**What to work on:** Count up the lines below in which the string "good" appears. The reply should be that number alone.

Stored data
╔══
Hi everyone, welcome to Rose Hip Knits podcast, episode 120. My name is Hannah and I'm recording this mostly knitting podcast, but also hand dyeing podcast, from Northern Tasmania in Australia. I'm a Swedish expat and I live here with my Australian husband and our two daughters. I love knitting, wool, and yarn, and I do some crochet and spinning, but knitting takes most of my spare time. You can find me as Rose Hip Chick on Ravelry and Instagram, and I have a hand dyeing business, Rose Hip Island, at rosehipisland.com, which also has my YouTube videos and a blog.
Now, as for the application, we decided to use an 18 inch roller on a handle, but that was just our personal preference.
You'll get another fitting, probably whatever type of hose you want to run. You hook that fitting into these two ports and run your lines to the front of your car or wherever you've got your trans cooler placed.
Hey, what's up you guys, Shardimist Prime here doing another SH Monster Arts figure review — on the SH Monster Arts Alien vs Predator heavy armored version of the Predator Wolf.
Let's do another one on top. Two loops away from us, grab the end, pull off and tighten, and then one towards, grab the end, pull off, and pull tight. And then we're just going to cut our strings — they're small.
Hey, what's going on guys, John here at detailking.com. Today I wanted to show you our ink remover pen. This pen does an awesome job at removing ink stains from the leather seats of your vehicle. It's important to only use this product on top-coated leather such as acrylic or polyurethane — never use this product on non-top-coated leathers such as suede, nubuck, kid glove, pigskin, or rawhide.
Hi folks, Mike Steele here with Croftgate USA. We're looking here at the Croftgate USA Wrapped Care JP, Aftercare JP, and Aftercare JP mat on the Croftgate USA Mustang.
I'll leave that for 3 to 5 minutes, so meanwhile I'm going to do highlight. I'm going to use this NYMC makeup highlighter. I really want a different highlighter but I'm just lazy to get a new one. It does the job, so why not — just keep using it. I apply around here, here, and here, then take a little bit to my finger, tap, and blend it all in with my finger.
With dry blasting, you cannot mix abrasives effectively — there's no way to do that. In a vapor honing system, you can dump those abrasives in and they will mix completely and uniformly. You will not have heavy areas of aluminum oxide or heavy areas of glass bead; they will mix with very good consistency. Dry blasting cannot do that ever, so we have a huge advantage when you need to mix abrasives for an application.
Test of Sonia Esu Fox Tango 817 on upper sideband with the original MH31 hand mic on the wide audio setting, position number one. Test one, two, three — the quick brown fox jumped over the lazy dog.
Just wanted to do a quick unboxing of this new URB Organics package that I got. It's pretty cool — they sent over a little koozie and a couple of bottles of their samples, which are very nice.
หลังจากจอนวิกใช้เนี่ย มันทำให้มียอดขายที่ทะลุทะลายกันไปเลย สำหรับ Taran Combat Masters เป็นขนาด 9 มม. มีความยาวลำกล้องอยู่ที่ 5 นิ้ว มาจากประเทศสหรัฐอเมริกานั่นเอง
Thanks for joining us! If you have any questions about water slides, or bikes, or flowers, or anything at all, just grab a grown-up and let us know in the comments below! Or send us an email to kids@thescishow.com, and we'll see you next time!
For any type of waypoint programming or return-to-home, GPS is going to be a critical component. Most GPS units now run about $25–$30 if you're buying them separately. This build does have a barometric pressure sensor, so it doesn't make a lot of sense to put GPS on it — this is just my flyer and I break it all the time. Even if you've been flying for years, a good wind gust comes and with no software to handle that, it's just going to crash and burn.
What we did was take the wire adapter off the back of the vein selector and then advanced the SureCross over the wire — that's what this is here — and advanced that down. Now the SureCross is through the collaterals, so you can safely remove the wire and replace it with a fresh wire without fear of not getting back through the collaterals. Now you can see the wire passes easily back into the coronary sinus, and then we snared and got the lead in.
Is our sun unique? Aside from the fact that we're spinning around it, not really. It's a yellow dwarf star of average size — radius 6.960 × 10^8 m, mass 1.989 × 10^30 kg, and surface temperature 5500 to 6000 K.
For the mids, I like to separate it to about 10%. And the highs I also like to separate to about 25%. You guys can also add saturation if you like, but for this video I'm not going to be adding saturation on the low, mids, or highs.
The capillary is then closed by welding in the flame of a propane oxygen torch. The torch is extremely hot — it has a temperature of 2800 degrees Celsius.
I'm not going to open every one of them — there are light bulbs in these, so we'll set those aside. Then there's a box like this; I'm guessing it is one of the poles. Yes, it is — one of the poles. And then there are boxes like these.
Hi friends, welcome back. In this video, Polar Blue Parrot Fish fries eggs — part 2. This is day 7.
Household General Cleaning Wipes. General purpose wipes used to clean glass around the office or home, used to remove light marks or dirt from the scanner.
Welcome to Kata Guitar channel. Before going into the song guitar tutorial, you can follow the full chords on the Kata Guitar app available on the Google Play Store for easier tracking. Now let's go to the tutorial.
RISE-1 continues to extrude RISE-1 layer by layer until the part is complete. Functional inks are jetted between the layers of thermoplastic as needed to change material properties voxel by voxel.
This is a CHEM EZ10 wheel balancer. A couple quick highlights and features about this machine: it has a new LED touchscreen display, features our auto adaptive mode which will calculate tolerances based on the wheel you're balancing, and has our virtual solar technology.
╚══
**Exercise solution:** 2